■ **Task to carry out**: Your task is to print, exactly and only, the lines from the start of the entries below through the line with "Elegant House Function Arrangement". Include both ends, but skip the pictures.

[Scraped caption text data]
|---|

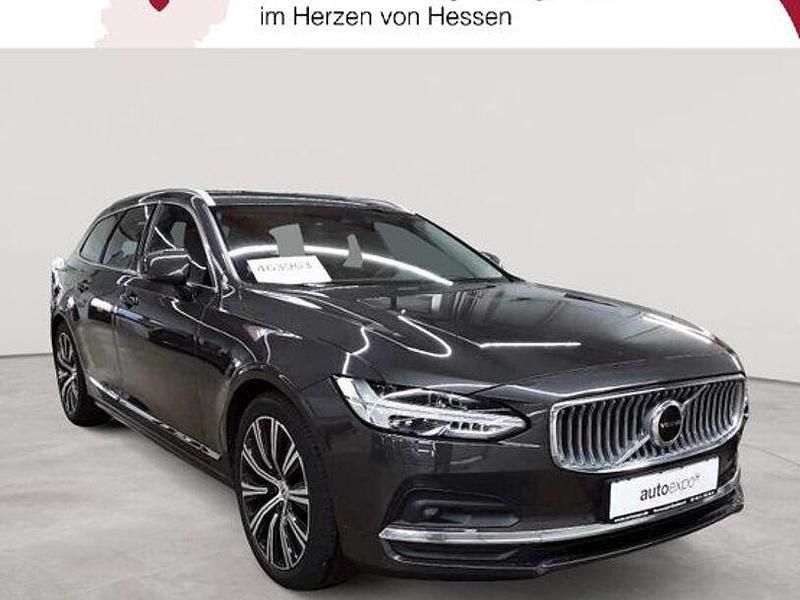 Gebraucht Volvo V90 Plus 197 PS (144 kW) 2022 Platinum grey metallic Kombi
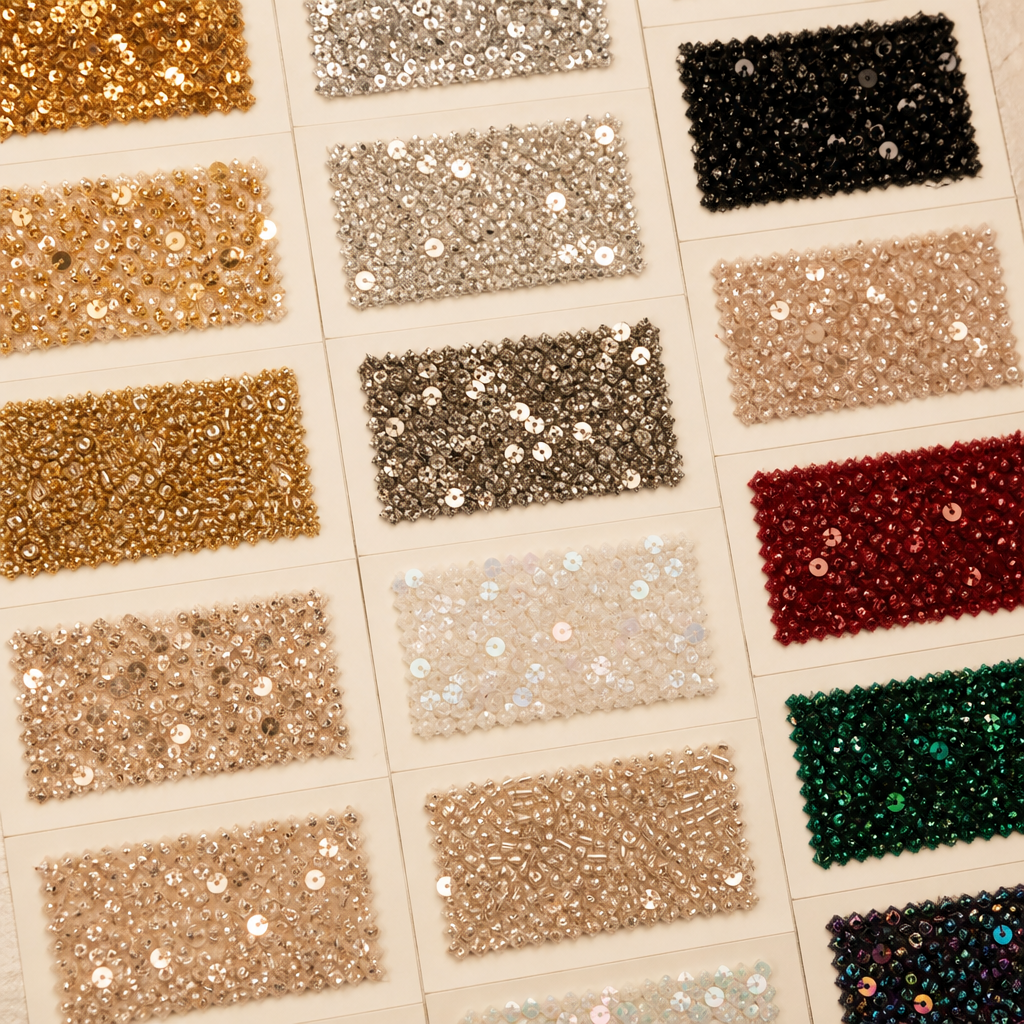 Sparyn sequin color card kit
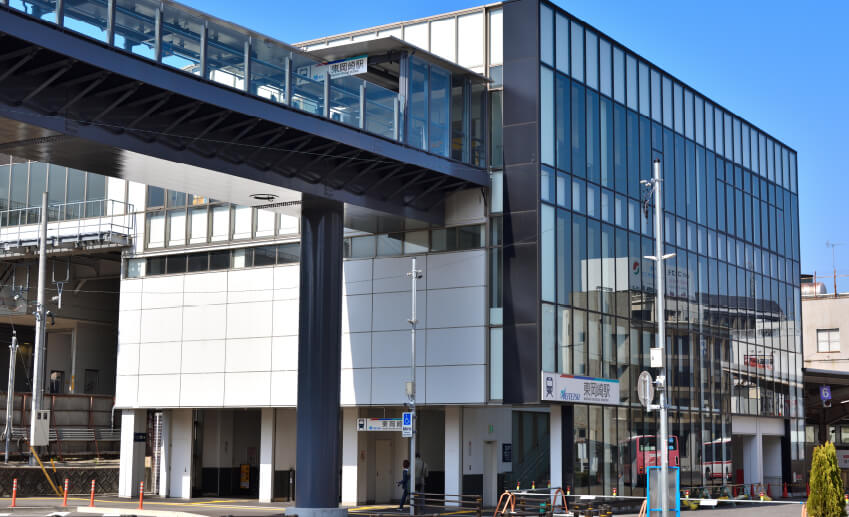特徴4. 東岡崎駅徒歩2分！オンライン・名古屋訪問で、あなたの時間を有効活用。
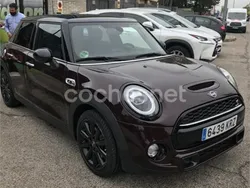 Granate Usado 2018 Mini Cooper S Utilitario | 21.500 € (Un poco caro)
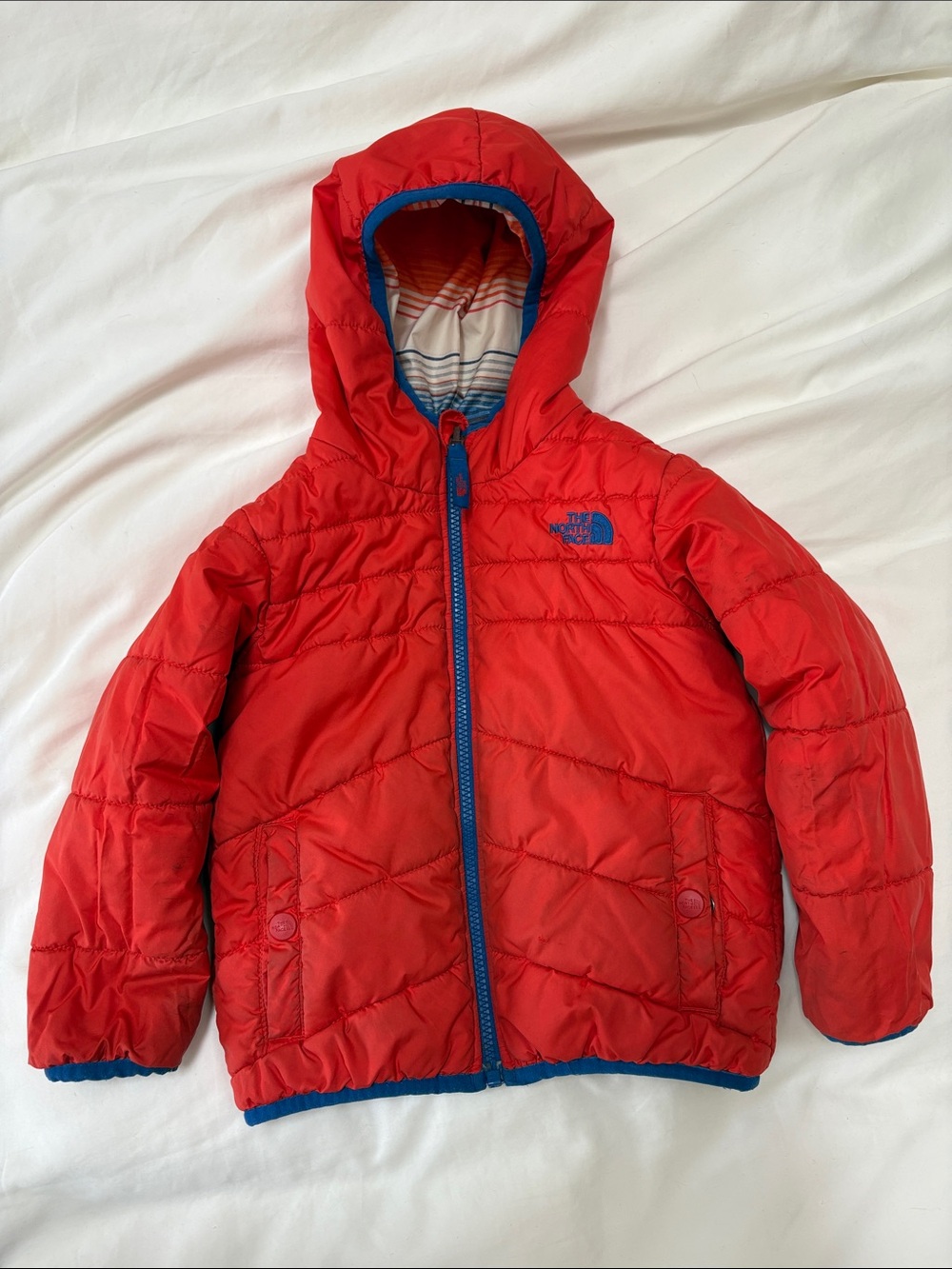 The North Face Hooded Puffer 4T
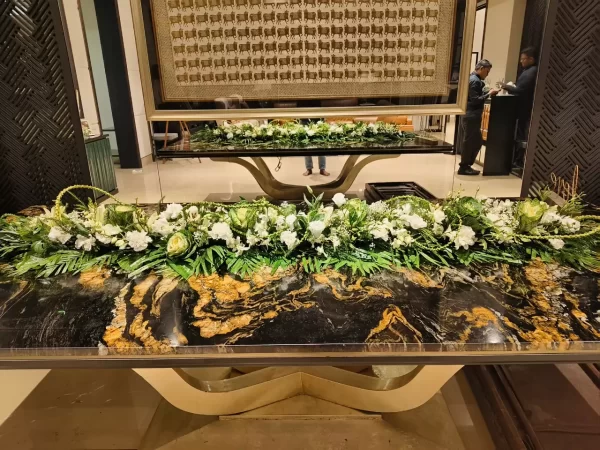 Elegant House Function Arrangement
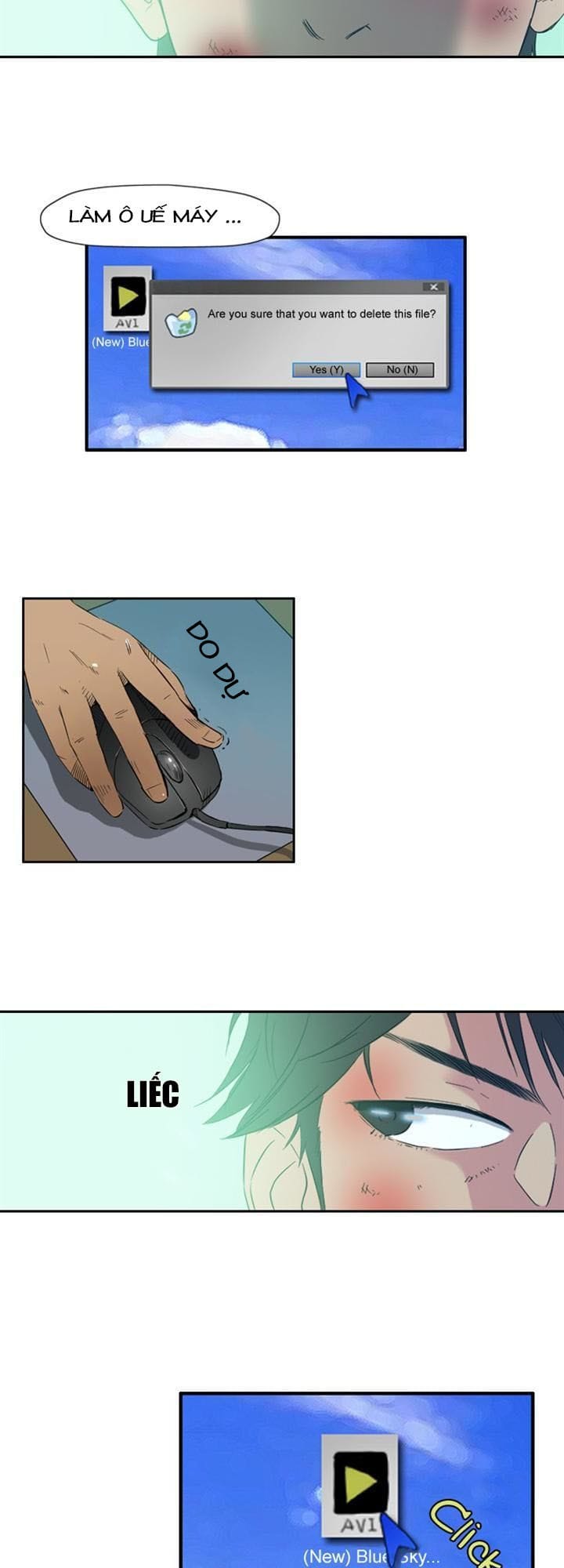 Truyện Tranh Thể Thao Cực Hạn - Wind Breaker trang 7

|---|

■ **Result of the exercise**:
 Gebraucht Volvo V90 Plus 197 PS (144 kW) 2022 Platinum grey metallic Kombi
 Sparyn sequin color card kit
特徴4. 東岡崎駅徒歩2分！オンライン・名古屋訪問で、あなたの時間を有効活用。
 Granate Usado 2018 Mini Cooper S Utilitario | 21.500 € (Un poco caro)
 The North Face Hooded Puffer 4T
 Elegant House Function Arrangement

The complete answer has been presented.